Depuis qu’Amédée avait arrêté le métier, il n’avait pas changé grand-chose à sa cabane. Une large table de bois adossée au mur sous la fenêtre, un tas de mannes rouillées, des bottes et des gants de caoutchouc suspendus à l’entrée près d’un ciré jaune. Cela sentait la vase froide et humide, la coquille d’huître et la vieille botte. Un cocktail méconnu qui vous surprend, tout comme la démanchoire plantée comme un poignard sur la table de bois.

— Ça fait soixante ans que j’viens là et que j’m’en lasse pas ! Je suis le dernier. Ils sont tous partis voir s’il fait meilleur au bout de la pointe. Du coup me v’là tranquille. Y a bien Marcel un peu plus loin, mais c’est tout. Toutes les autres cabanes ont été vendues. L’été, ils sont tous là le cul au soleil, mais l’hiver y a pas un chat.

— Pas facile de tout quitter !

— Quand on est arrivé au bout, faut de toutes les façons être raisonnable et pas s’exciter comme Marcel à faire un cirque à plus pouvoir se grouiller le lendemain. Et puis si les nouveaux installés sont pas trop sots, j’pourrai bien leur donner la main.

— Et… Ça s’vend combien une cabane comme celle-là ?

— À vrai dire, j’en sais rien. Je tourne et je vire ça dans ma tête, mais j’trouve pas. J’veux pas faire comme tous les autres et mettre ça à un prix qu’a pas de sens. J’me dis que faut juste que tout le monde soit content.

À ce dernier mot, l’averse s’arrêta. La chienne commença à balayer le sol de sa longue queue. Un rayon de soleil s’invita par la fenêtre aux carreaux crasseux.

— Tu vois, c’est quand même pas mal ici ! s’exclama Amédée en pointant son nez dans l’embrasure de la porte.

Surpris par le tutoiement, Jean approuva par un sourire et un hochement de tête. En cet instant, on sentait dans l’air une joie palpable. L’émotion se dissipa quand Jean prit conscience de l’heure qui s’avançait. D’ailleurs, quelle heure était-il ? Comme les giboulées et les averses, il était incapable de mesurer le temps. Ces minutes, ces heures qui filaient si vite, étaient pour lui un cauchemar. Il courait après sans jamais pouvoir les rattraper.

— Faut qu’j’y aille ! Midi et demi…

— Ça me gargouille dans le ventre… Tu dois avoir raison !

— On se reverra ?

— Je suis par-là presque tous les jours !

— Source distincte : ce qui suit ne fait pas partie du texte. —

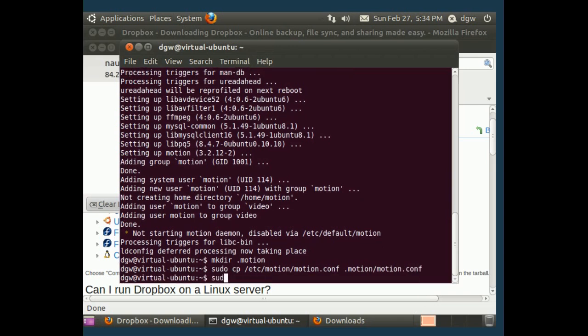Now we need to own that file. sudo chown dgw is my name. You'd want to put in your own name here .motion/motion.conf.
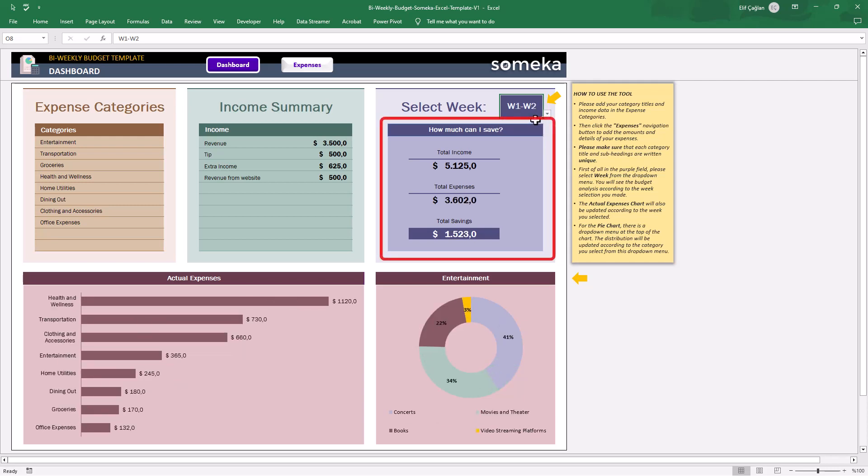The purple area shows us the general summary of our income. Total income, total expense, and total savings.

Dans un bref salut, les mains se serrèrent avec une timidité inattendue. Le trouble de la rencontre s’exprimait dans ces deux regards envieux d’avenir.

— J’me dépêche, sinon le père va me tuer !

Aujourd’hui encore il s’était fait piéger par cette rencontre, la pendule avait avancé à grande vitesse. Il se mit presque à courir, pris d’un début de panique par la vision du père qui s’impatientait. Quelques minutes suffirent pour remonter la rue du Port et virer à toute allure dans la rue des Pêcheurs. Les clés à la main, Blandine attendait sur le pas de la porte, sachant déjà qu’ils seraient en retard. Ils laissèrent Rita dans le jardin et partirent en courant vers la voiture.

— D’où tu viens ? Tu t’es perdu en Daire ! demanda Blandine avec ironie.

— Y a toujours quelque chose qui m’empêche d’être à l’heure !

— C’est pourtant pas compliqué : pour arriver à midi et demi à Arceau, il faut partir avant midi et demi. Mathématiquement, c’est simple ! lança-t-elle avec raillerie.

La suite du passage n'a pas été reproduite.